DATA BLOCK
= = = = =

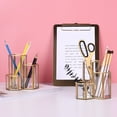 thumbnail image 3 of Glass Gold Pen Holder Hexagon Shaped Organizer for Desk Pens Rulers Makeup Brush Storage Combination for Case Container, 3 of 7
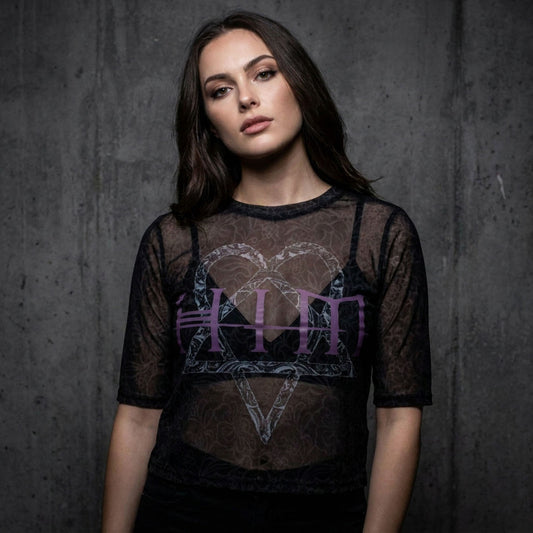 HIM Heartagram & Logo Ladies Mesh Crop Top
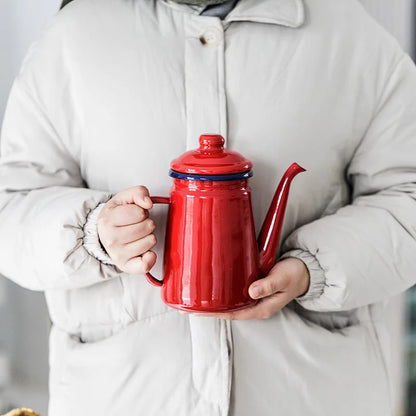 1pc 800ml Coffee Cooker Kettle Enamel pot Household hand coffee pot kitchen Boiling water Teapot Lard Coffee Kettle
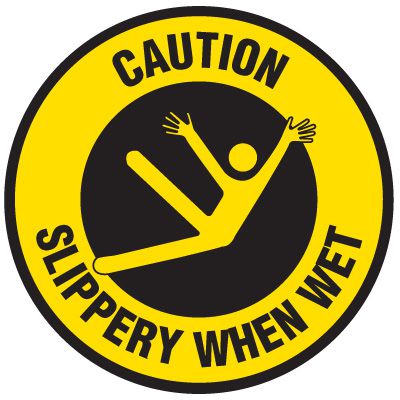 Floor Safety Signs - Caution Slippery When Wet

= = = = =

PROBLEM DESCRIPTION
Omit the pictures. Repeat the rest of the data exactly.

ANSWER SECTION
 thumbnail image 3 of Glass Gold Pen Holder Hexagon Shaped Organizer for Desk Pens Rulers Makeup Brush Storage Combination for Case Container, 3 of 7
 HIM Heartagram & Logo Ladies Mesh Crop Top
 1pc 800ml Coffee Cooker Kettle Enamel pot Household hand coffee pot kitchen Boiling water Teapot Lard Coffee Kettle
 Floor Safety Signs - Caution Slippery When Wet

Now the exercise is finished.